ABOUT THIS TASK:
All that is wanted is the span of lines from the one with "см Малая анальная" to the last line of the data, copied exactly.

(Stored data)
-*-

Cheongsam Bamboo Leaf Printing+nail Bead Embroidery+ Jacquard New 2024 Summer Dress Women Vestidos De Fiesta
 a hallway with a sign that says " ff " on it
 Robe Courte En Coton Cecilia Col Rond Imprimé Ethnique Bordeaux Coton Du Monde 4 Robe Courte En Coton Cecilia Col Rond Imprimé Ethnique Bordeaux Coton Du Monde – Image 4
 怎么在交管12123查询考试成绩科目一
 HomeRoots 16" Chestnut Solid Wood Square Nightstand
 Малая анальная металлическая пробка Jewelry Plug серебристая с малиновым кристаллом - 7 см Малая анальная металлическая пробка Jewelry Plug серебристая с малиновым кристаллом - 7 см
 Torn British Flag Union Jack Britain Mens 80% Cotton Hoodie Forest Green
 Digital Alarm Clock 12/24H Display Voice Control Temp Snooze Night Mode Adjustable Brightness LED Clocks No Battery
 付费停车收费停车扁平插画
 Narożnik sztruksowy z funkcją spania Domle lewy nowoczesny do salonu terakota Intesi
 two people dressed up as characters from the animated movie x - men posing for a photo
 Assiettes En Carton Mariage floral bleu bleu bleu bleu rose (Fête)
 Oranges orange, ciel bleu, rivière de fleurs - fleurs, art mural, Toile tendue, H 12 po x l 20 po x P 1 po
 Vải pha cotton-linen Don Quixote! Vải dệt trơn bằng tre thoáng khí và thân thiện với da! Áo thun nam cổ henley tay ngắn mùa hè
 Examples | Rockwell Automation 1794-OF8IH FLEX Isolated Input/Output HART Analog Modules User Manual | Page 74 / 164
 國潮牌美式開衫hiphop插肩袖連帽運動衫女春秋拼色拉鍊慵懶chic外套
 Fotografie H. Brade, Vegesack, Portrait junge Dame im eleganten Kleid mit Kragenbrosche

-*-

ANSWER SECTION:
 Малая анальная металлическая пробка Jewelry Plug серебристая с малиновым кристаллом - 7 см Малая анальная металлическая пробка Jewelry Plug серебристая с малиновым кристаллом - 7 см
 Torn British Flag Union Jack Britain Mens 80% Cotton Hoodie Forest Green
 Digital Alarm Clock 12/24H Display Voice Control Temp Snooze Night Mode Adjustable Brightness LED Clocks No Battery
 付费停车收费停车扁平插画
 Narożnik sztruksowy z funkcją spania Domle lewy nowoczesny do salonu terakota Intesi
 two people dressed up as characters from the animated movie x - men posing for a photo
 Assiettes En Carton Mariage floral bleu bleu bleu bleu rose (Fête)
 Oranges orange, ciel bleu, rivière de fleurs - fleurs, art mural, Toile tendue, H 12 po x l 20 po x P 1 po
 Vải pha cotton-linen Don Quixote! Vải dệt trơn bằng tre thoáng khí và thân thiện với da! Áo thun nam cổ henley tay ngắn mùa hè
 Examples | Rockwell Automation 1794-OF8IH FLEX Isolated Input/Output HART Analog Modules User Manual | Page 74 / 164
 國潮牌美式開衫hiphop插肩袖連帽運動衫女春秋拼色拉鍊慵懶chic外套
 Fotografie H. Brade, Vegesack, Portrait junge Dame im eleganten Kleid mit Kragenbrosche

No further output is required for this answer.